## Exercise prompt
Repeat every line of the data exactly, but not the pictures.

## Data below
[Start of Attachment]
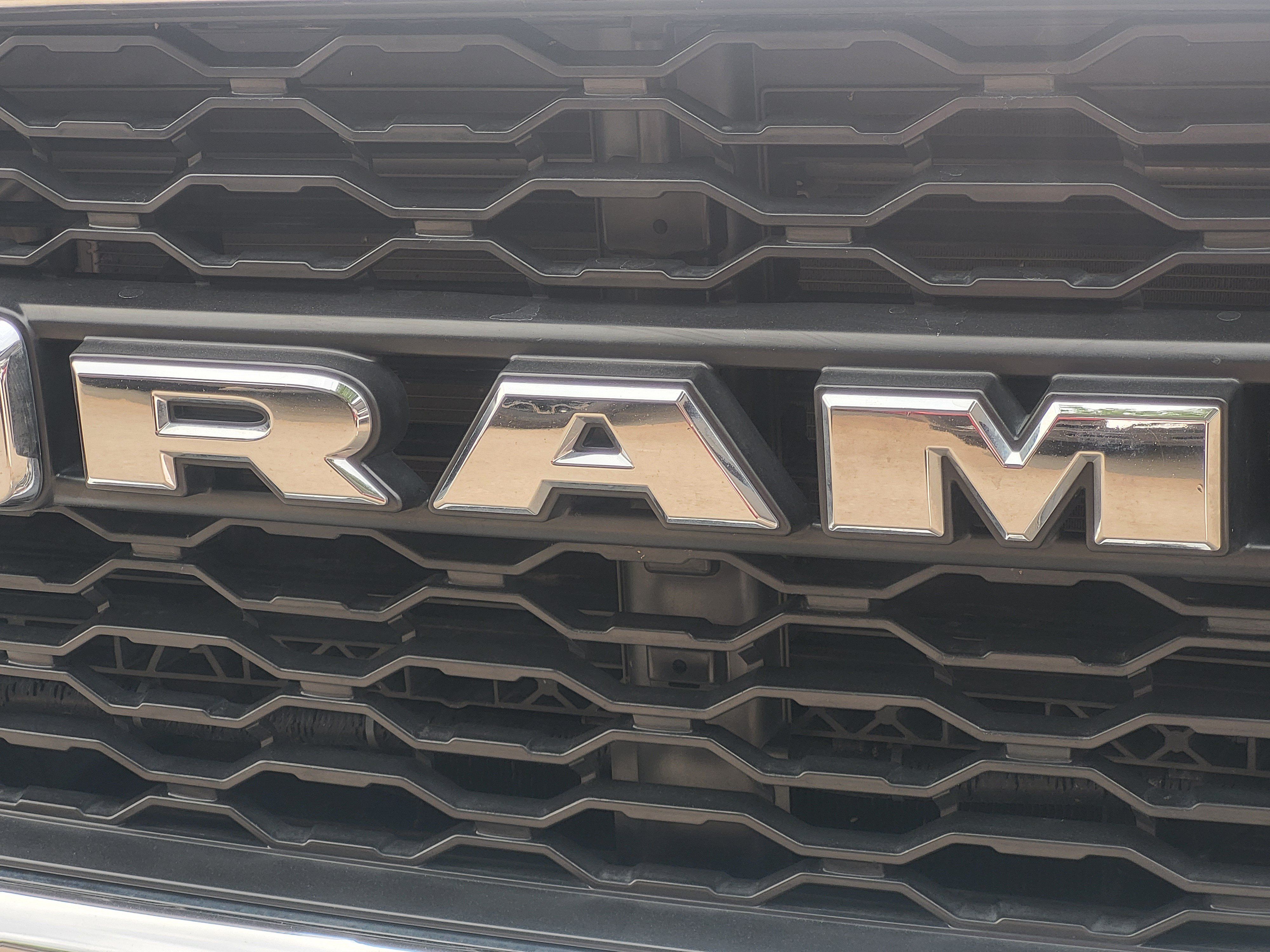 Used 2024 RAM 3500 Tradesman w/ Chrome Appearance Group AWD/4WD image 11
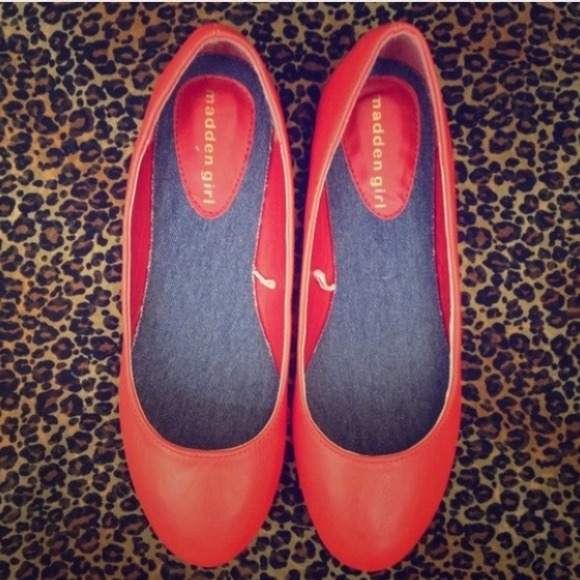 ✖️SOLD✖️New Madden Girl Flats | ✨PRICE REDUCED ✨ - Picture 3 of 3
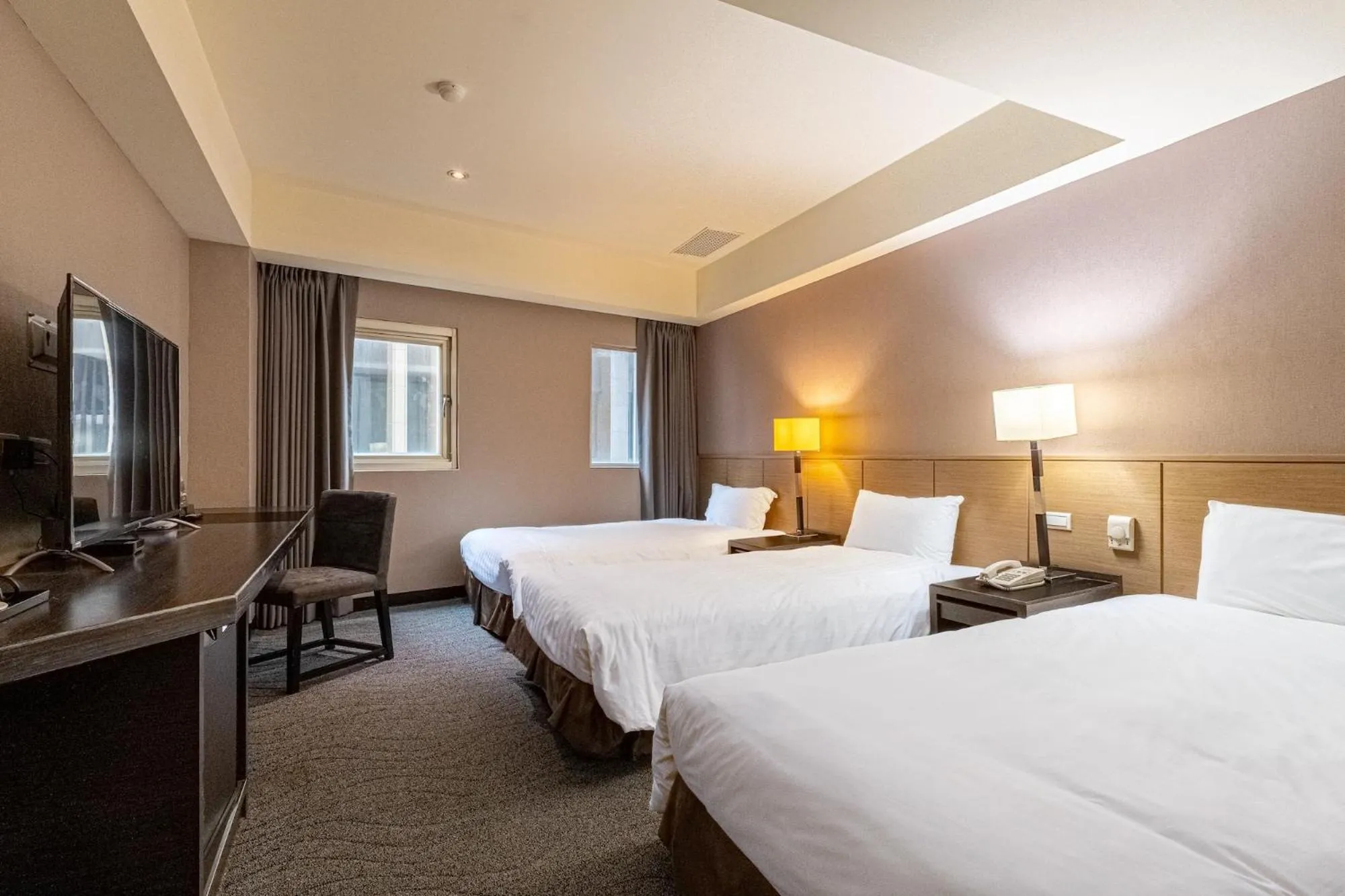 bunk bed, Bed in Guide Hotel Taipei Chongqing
[End of Attachment]
## Solution below
 Used 2024 RAM 3500 Tradesman w/ Chrome Appearance Group AWD/4WD image 11
 ✖️SOLD✖️New Madden Girl Flats | ✨PRICE REDUCED ✨ - Picture 3 of 3
 bunk bed, Bed in Guide Hotel Taipei Chongqing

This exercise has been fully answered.